Lesson plans for today are here and here.

  • String = anything enclosed in quotes
  • print("string of things") prints the string into the output
  • To glue strings together, you can use paste("string1", "string2")
  • Use hashtags to make notes as in Terminal
  • In paste, you can also set the sep argument to paste things together with anything other than a space. E.g., paste("banana", "apple", "orange", sep="/") returns banana/apple/orange
  • A variable is anything assigned a value with a <-. You can also use =, but this can be tricky because we often use = for other tasks.
  • You can use the args function to display arguments that the function requires. For example args(round). The round function is used to round numbers (round(1.2345, digits=2 returns 1.23).
  • Create a vector or list of multiple things with vector <- c(1,2,3,4). You can add new things to the front (vector<-c(5, vector)) or end (vector<-c(vector, 10)`) of a vector as well.
  • Boolean logical values are TRUE and FALSE. These can be used to filter data later on.
  • Summarize variables and view structure with str().
  • vector[2] pulls out the second value of the vectorand vector[c(3,2)] pulls out the third and second values.
  • Square values = retrieve something, parentheses = do something.
  • All values are coerced to strings if there is at least one string in the vector.
  • You can also subset in a vector format using vector_new<-vector[vector<5]. A == will evaluate if two things are equal.
  • != means “is not equal to” and you can combine <= or >= to mean less than/greater than or equal to. Combine these with | to mean “or”. So you can filter by vector <= 5 | vector ==10. And & will look for both conditions to be met.
  • To subset by things in a list, you would filter by vector %in% list. Where you create a list to be list<-c(1,2,3).
  • NA’s can make things tricky. For example when calculating a mean, you have to use mean(data, na.rm=TRUE) if you have NA’s. We can use !is.na(vector) to remove them.

Working with data

Below, I’ll paste in the code from our practice session. You can copy and paste this code into an R script and follow along!

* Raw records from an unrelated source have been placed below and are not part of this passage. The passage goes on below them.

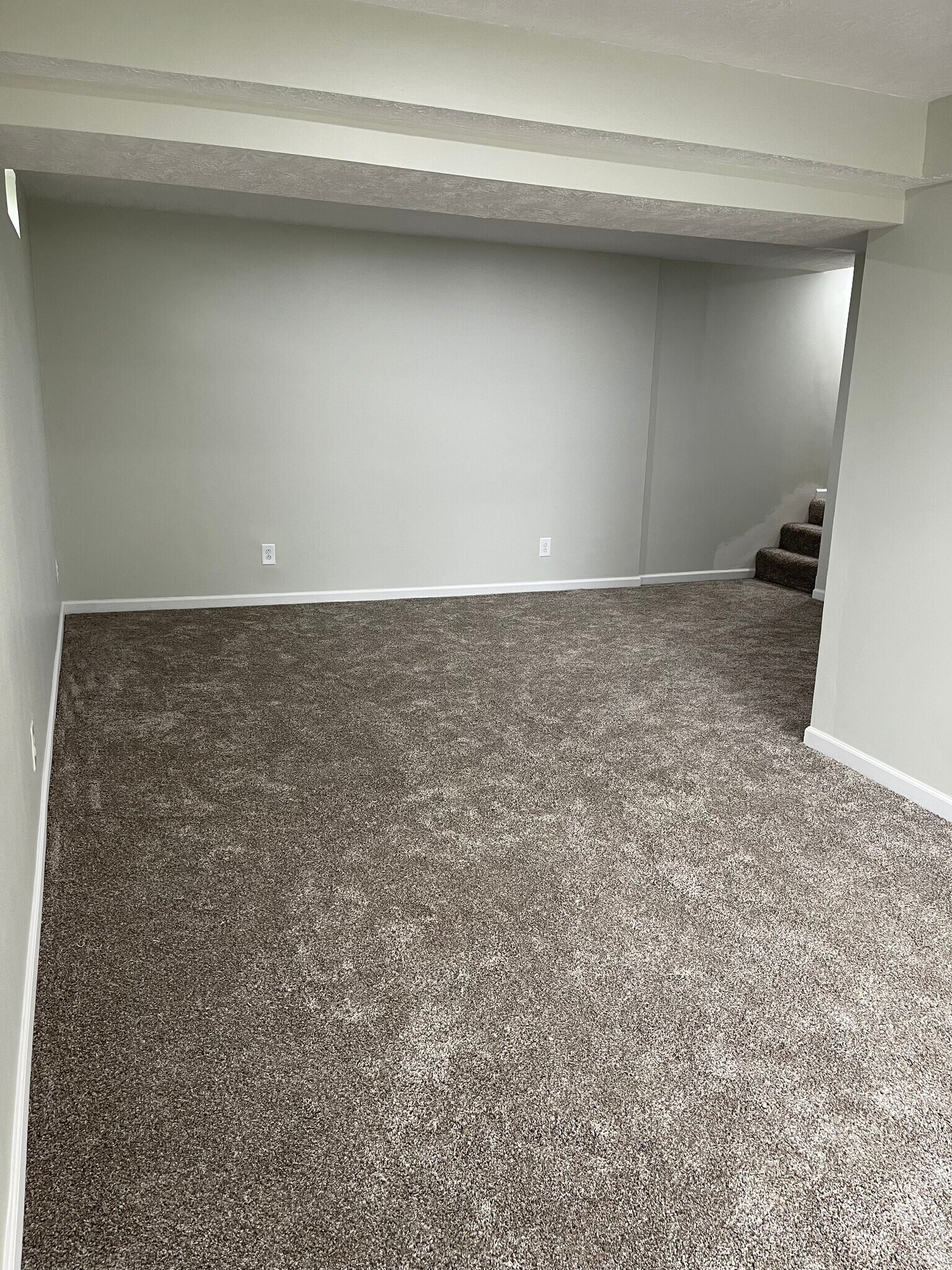 Basement - 2440 Lantz Rd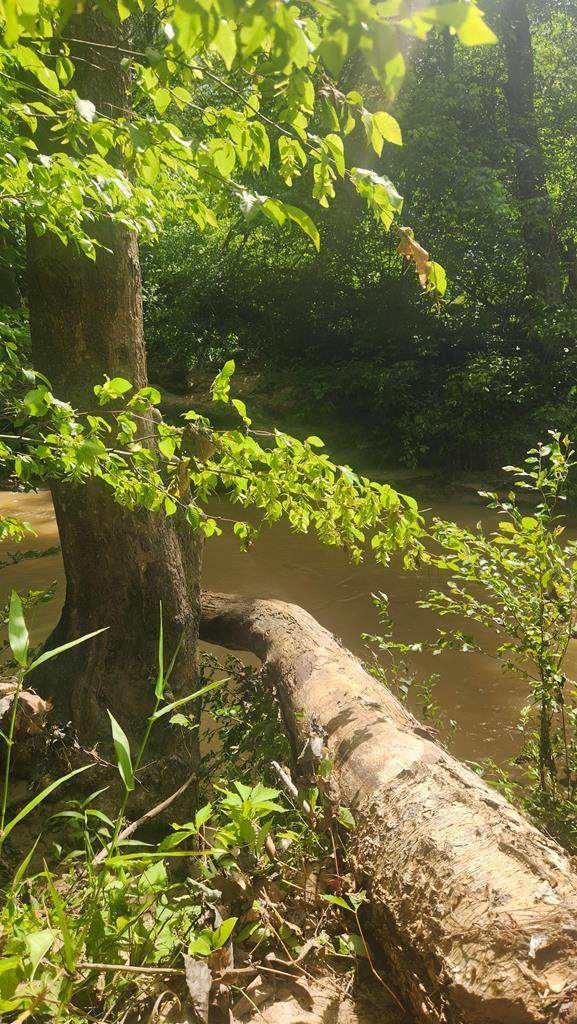 Lot 18 Reeves Mill Rd - Photo 1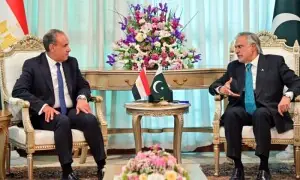Pakistan, Egypt pledge to deepen cooperation across key sectors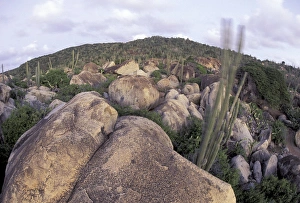 Caribbean, Dutch Antilles, Aruba View of Arikok NP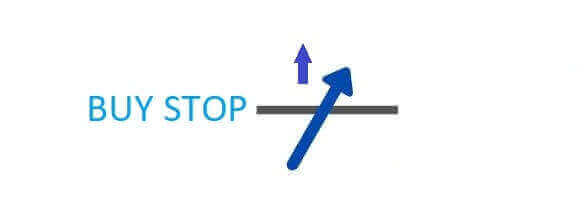 LiteFinance Masuk dan Mulai Trading Forex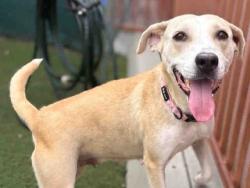 Shelter Stray Female Dog last seen , 2481 Palomar Airport Rd, Carlsbad, CA 92011, USA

To download data from a URL and store it on your computer, use this function:

download.file(url = "https://ndownloader.figshare.com/files/2292169", destfile = "data_raw/portal_data_joined.csv")

This is a helpful function!

We are going to use tidyverse for the data today using library(tidyverse) after you install.packages("tidyverse").

To read in a file after downloading, use read_csv(path/file.csv).

Set up

library(tidyverse)

Download data

download.file(url = "https://ndownloader.figshare.com/files/2292169", destfile = "data_raw/portal_data_joined.csv")

Read data

surveys<-read_csv("data_raw/portal_data_joined.csv")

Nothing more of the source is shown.